Per poter diffondere il risultato dello sforzo di produzione culturale sostenuto con l’organizzazione della conferenza, abbiamo deciso di avviare due attività specifiche, una dedicata alla produzione editoriale e l’altra alla gestione di una “conferenza virtuale permanente”. La “produzione editoriale” consiste nella pubblicazione di un saggio sul tema dell’edizione a cura dell’editore Castelvecchi preventivamente alla conferenza. Ogni anno la conferenza stessa sarà quindi l’occasione della presentazione di una pubblicazione divulgativa che verrà poi distribuita sul territorio nazionale e conterrà gli interventi dei relatori selezionati per l’edizione stessa. La “conferenza virtuale” consisterà invece nell’attività che sarà poi svolta successivamente sul sito web e sui canali social della Beatrix Conference tramite la selezione e divulgazione di ulteriori contenuti prodotti durante l’incontro di giugno oppure successivamente.

Come già affermato, lo spirito della conferenza è quello della massima apertura. I relatori di ciascuna edizione saranno individuati in relazione al tema dell’anno, ma attraverso un meccanismo trasparente di call for paper che ci consentirà allo stesso tempo, di ricevere liberamente nuove proposte e comunque selezionare relatori che abbiano effettivamente “qualcosa da dire”. Negli inviti ai relatori della prima edizione il comitato organizzatore ha seguito proprio questa filosofia. Chiamare persone che avevano esperienze specifiche nel proprio ambito, ma condivisibili e portatrici di potenziale significato per tutti. La collaborazione con RATI – Rete degli Abruzzesi per il Talento e l’Innovazione, associazione molto attiva nella promozione delle nuove competenze nelle scuole di ogni grado della regione, ci ha consentito di individuare esperienze di particolare valore che rappresentano davvero “il fiore all’occhiello” di quanto prodotto dalla “società civile” del territorio ospitante.

Per gli anni successivi, il meccanismo di cooptazione dei relatori che saranno chiamati a partecipare alla Beatrix Conference sarà basato quindi sulla call for paper e sull’individuazione di best practice operative sulle quali richiedere una testimonianza. L’individuazione delle stesse è il motivo per cui, assieme alla conferenza, già da questo anno, sarà conferito il Beatrix Award a 4 progetti di Sviluppo del Capitale umano svolti in Italia l’anno precedente e ritenuti particolarmente significativi dalla giuria costituita sotto il comitato scientifico.

Lo spirito di apertura della conferenza è, infine, anche in queste righe di sua presentazione.
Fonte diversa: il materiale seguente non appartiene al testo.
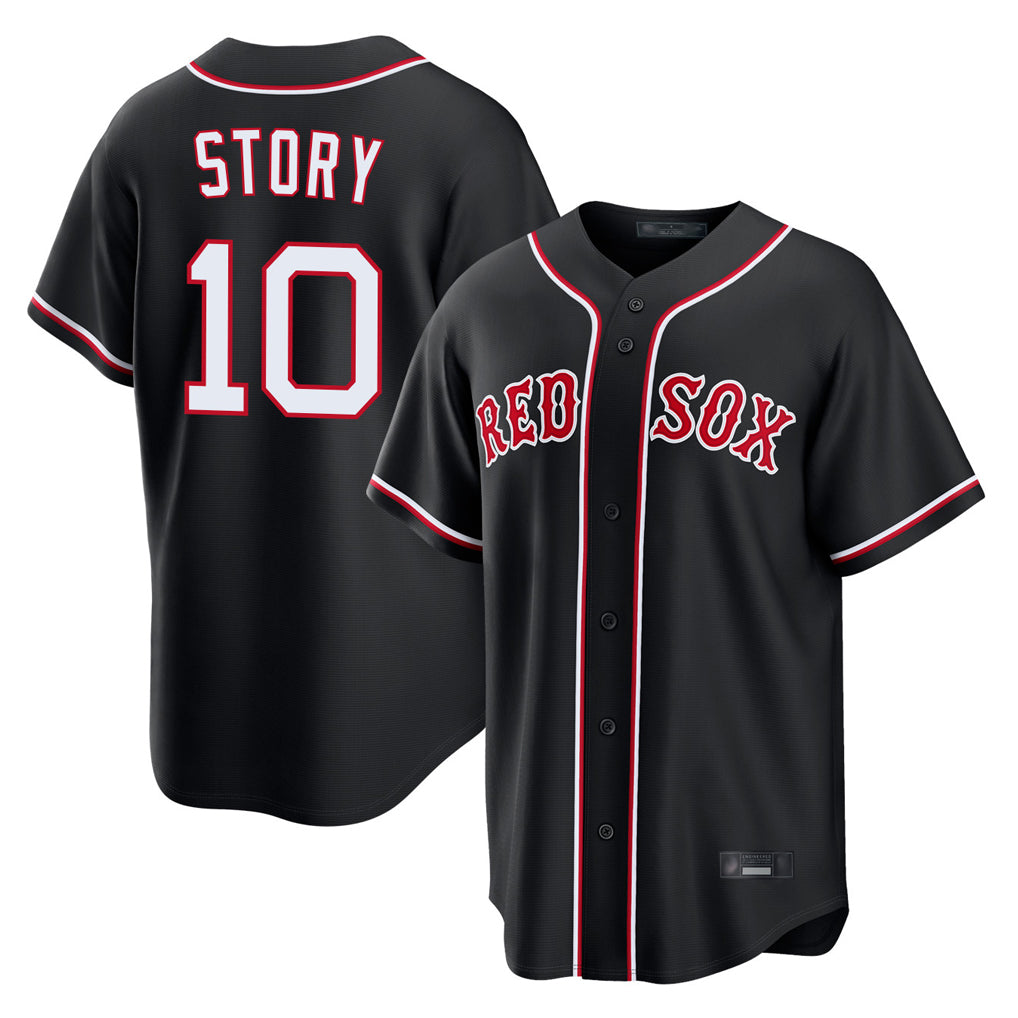 Boston Red Sox #10 Trevor Story Player Black AmberGomez Out Home Game Stitched Jerseys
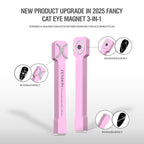 Vayve Wegodal magnetic wand displayed alongside sample nail tips with 3D cat-eye designs.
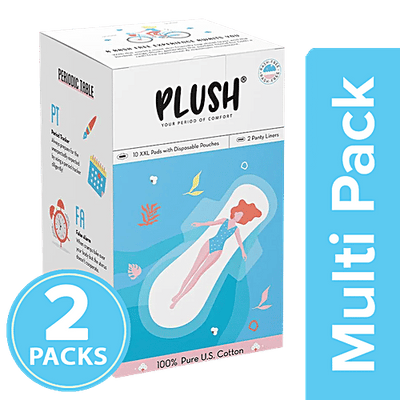 Plush Sanitary Pad - With Disposable Pouches & Panty Liners, 100% Pure Cotton, XXL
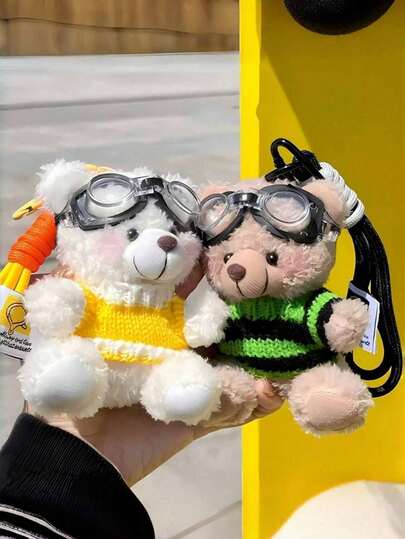 1 pieza Llavero con colgante de oso adorable y de moda, accesorio delicado para mochila de mujer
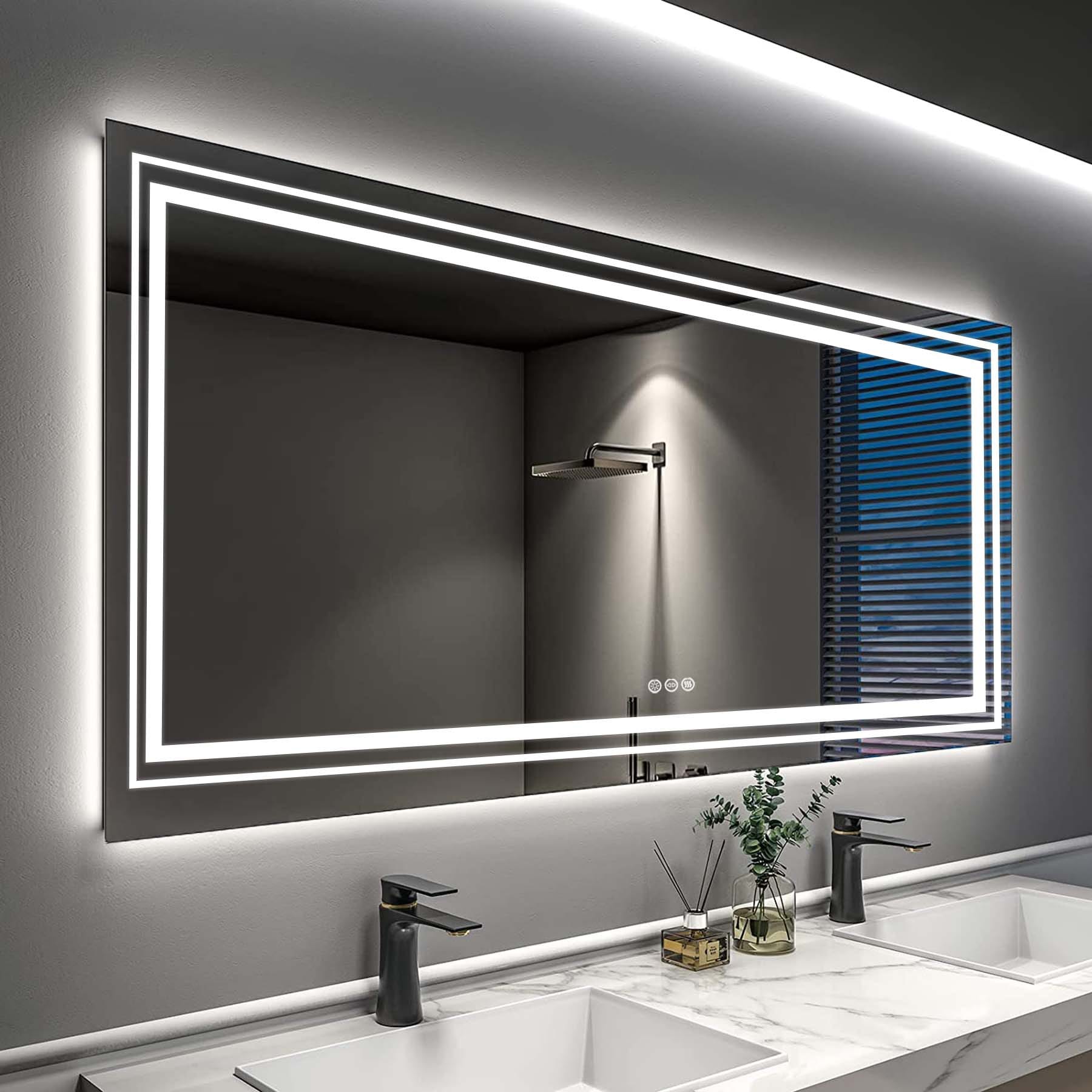 Grand miroir de salle de bain à éclairage LED, anti-buée, pour meuble-lavabo, 3 couleurs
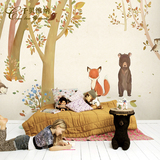 千贝 儿童房壁纸 卡通卧室宝宝房间环保墙纸 小熊小狐狸可爱壁画
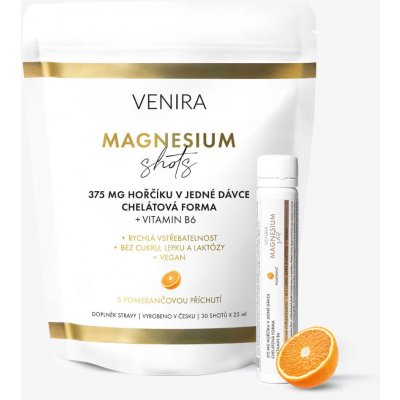 Venira magnesium shots balení pomeranč 30 ampulí – Hledejceny.cz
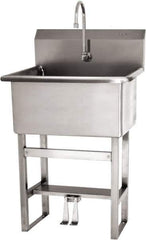 SANI-LAV - 28" Long x 16" Wide Inside, 1 Compartment, Grade 304 Stainless Steel Scrub Sink Floor Mount with Double Foot Valve - 16 Gauge, 31" Long x 19-1/2" Wide x 46-1/2" High Outside, 10-1/2" Deep - Industrial Tool & Supply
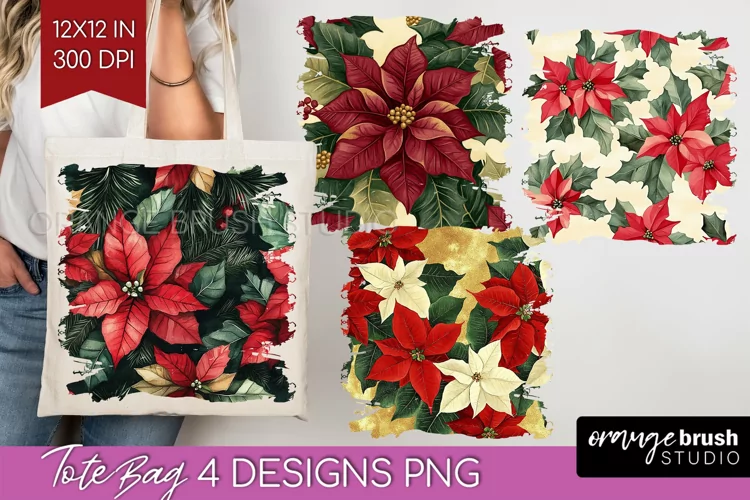 Poinsettia Tote Bag - Christmas Tote Bag PNG Sublimation
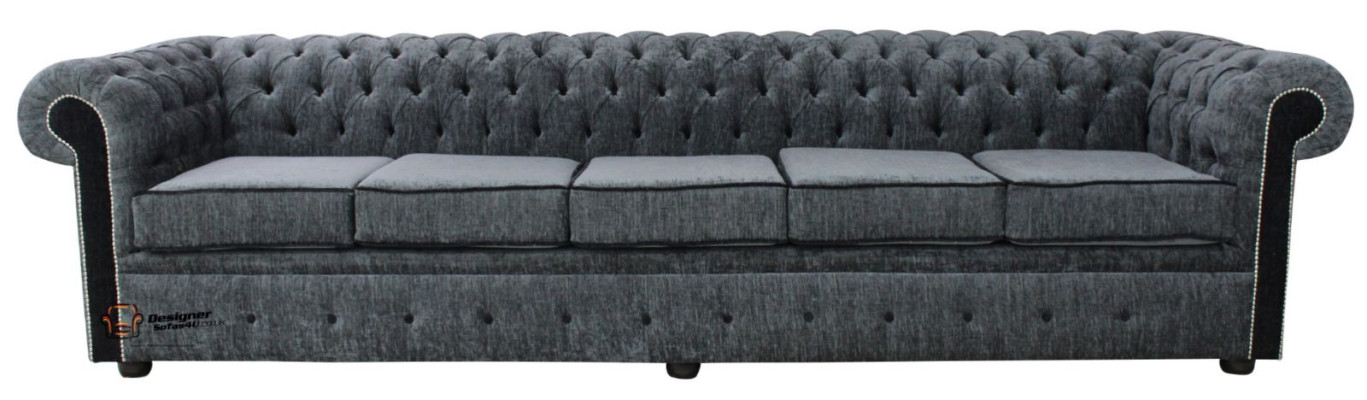Chesterfield sofá de lujo clásico de 5 plazas de estilo barroco rococó de tela y cuero.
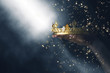 Leinwandbild Motiv mysteriousand magical image of woman's hand holding a gold crown over gothic black background. Medieval period concept.
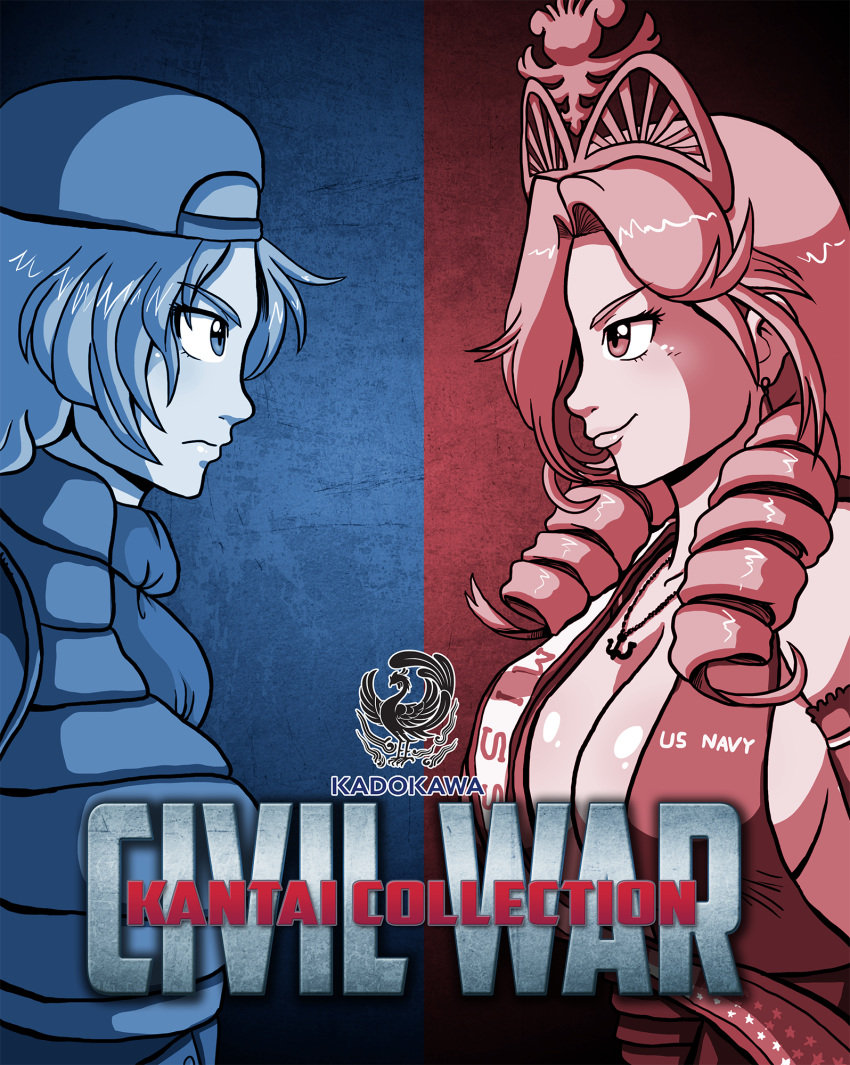 2girls anchor_necklace backwards_hat breasts captain_america_civil_war cleavage commentary darkyamatoman dress drill_hair earrings elbow_gloves eye_contact glaring gloves hat highres jewelry kadokawa kantai_collection large_breasts limited_palette looking_at_another marvel multiple_girls namesake neckerchief new_jersey_(belated_battleships) new_jersey_(pacific) original pacific parody puffer_jacket smirk tiara vest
Un’iniziativa trasparente, promossa da persone di buona volontà che vogliono aprire la porta di “casa” a chi, come loro, sia alla ricerca di un confronto. 

Perché riteniamo che solo la condivisione delle conoscenza, come nel nome stesso di Beatrix (colei che porta la felicità), possa dare un senso positivo all’esperienza che ognuno di noi quotidianamente conduce.